Short web captions:

..........

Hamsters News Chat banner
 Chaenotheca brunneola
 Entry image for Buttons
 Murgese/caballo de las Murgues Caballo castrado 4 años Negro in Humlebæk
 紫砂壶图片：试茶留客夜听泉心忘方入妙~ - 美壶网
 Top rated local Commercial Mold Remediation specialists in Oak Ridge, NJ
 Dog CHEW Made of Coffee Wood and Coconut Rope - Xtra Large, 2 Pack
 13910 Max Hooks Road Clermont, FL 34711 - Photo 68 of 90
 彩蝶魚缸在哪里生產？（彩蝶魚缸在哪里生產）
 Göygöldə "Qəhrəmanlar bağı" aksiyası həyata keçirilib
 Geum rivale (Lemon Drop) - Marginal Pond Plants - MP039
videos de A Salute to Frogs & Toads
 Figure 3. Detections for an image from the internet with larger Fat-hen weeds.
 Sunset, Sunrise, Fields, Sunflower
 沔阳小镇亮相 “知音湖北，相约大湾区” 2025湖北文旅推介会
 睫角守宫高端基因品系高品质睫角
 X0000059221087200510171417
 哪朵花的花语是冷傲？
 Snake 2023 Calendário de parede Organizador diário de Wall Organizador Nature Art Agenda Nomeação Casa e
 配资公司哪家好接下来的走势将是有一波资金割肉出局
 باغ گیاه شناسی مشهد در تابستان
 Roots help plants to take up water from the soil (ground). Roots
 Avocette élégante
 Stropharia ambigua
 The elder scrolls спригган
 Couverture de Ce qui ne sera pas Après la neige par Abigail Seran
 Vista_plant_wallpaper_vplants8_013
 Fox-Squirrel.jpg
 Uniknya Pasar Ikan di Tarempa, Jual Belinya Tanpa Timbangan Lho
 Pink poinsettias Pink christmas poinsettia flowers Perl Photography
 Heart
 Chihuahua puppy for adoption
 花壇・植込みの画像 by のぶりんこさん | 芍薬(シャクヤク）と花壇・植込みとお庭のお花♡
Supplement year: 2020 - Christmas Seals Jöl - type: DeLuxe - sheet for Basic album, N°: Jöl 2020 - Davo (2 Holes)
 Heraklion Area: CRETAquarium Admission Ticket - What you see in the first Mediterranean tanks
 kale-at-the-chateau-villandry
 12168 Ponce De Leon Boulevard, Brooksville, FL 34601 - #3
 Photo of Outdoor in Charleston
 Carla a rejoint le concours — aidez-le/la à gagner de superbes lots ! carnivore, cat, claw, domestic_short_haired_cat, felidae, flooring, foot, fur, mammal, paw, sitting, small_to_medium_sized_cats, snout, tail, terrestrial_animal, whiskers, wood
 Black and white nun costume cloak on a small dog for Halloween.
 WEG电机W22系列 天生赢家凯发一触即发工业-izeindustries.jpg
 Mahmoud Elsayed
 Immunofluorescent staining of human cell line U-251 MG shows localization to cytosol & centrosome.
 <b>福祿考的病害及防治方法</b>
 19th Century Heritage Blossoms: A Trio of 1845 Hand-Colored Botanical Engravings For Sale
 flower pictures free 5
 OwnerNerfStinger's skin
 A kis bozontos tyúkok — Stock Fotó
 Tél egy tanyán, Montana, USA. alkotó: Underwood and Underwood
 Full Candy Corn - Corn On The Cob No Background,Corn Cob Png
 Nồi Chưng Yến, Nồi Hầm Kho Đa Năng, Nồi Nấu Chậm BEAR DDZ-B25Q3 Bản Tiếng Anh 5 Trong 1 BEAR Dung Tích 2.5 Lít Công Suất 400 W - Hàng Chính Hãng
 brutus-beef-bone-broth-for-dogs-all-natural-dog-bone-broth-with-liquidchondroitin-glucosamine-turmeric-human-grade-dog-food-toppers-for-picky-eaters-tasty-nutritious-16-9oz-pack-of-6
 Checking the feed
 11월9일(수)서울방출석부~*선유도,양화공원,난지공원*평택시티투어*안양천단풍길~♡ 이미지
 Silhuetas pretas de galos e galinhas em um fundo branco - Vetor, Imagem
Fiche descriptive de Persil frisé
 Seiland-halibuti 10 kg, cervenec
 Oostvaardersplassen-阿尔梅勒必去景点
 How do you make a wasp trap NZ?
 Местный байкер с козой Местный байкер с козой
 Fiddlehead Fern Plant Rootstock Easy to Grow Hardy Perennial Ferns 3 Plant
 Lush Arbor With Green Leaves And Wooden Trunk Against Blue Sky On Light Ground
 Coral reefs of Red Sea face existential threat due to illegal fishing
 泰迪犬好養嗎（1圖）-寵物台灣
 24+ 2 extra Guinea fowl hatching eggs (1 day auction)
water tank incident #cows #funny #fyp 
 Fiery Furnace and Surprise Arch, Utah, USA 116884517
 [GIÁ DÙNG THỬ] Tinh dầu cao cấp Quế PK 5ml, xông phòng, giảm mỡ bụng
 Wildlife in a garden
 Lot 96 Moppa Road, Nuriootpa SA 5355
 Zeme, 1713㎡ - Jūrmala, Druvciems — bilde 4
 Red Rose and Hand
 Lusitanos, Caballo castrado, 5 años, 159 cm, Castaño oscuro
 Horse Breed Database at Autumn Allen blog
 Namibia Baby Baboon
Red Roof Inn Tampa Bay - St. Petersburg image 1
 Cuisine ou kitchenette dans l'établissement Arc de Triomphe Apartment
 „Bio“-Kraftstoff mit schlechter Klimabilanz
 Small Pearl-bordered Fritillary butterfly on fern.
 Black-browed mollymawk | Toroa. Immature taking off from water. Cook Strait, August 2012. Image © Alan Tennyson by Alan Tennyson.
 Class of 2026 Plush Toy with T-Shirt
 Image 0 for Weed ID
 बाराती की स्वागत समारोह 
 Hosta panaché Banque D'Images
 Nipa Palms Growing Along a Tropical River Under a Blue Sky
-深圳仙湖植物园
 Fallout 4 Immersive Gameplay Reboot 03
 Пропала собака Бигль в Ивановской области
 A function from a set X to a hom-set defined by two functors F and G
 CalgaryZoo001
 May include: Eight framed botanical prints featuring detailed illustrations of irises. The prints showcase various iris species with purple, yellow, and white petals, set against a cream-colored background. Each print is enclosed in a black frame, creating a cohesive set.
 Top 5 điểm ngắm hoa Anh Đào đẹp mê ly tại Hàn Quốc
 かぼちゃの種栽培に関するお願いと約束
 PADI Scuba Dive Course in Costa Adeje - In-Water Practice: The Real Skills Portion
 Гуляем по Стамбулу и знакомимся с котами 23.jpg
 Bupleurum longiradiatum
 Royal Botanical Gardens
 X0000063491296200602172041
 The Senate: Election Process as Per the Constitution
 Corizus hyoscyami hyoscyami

..........

_To do_: In the entries above, the lines from the one bearing "Fiery Furnace and" up to and including the one bearing "Fallout 4 Immersive Gameplay Reboot 03" should be transcribed exactly; no other line is wanted.

_Result for this exercise_:
 Fiery Furnace and Surprise Arch, Utah, USA 116884517
 [GIÁ DÙNG THỬ] Tinh dầu cao cấp Quế PK 5ml, xông phòng, giảm mỡ bụng
 Wildlife in a garden
 Lot 96 Moppa Road, Nuriootpa SA 5355
 Zeme, 1713㎡ - Jūrmala, Druvciems — bilde 4
 Red Rose and Hand
 Lusitanos, Caballo castrado, 5 años, 159 cm, Castaño oscuro
 Horse Breed Database at Autumn Allen blog
 Namibia Baby Baboon
Red Roof Inn Tampa Bay - St. Petersburg image 1
 Cuisine ou kitchenette dans l'établissement Arc de Triomphe Apartment
 „Bio“-Kraftstoff mit schlechter Klimabilanz
 Small Pearl-bordered Fritillary butterfly on fern.
 Black-browed mollymawk | Toroa. Immature taking off from water. Cook Strait, August 2012. Image © Alan Tennyson by Alan Tennyson.
 Class of 2026 Plush Toy with T-Shirt
 Image 0 for Weed ID
 बाराती की स्वागत समारोह 
 Hosta panaché Banque D'Images
 Nipa Palms Growing Along a Tropical River Under a Blue Sky
-深圳仙湖植物园
 Fallout 4 Immersive Gameplay Reboot 03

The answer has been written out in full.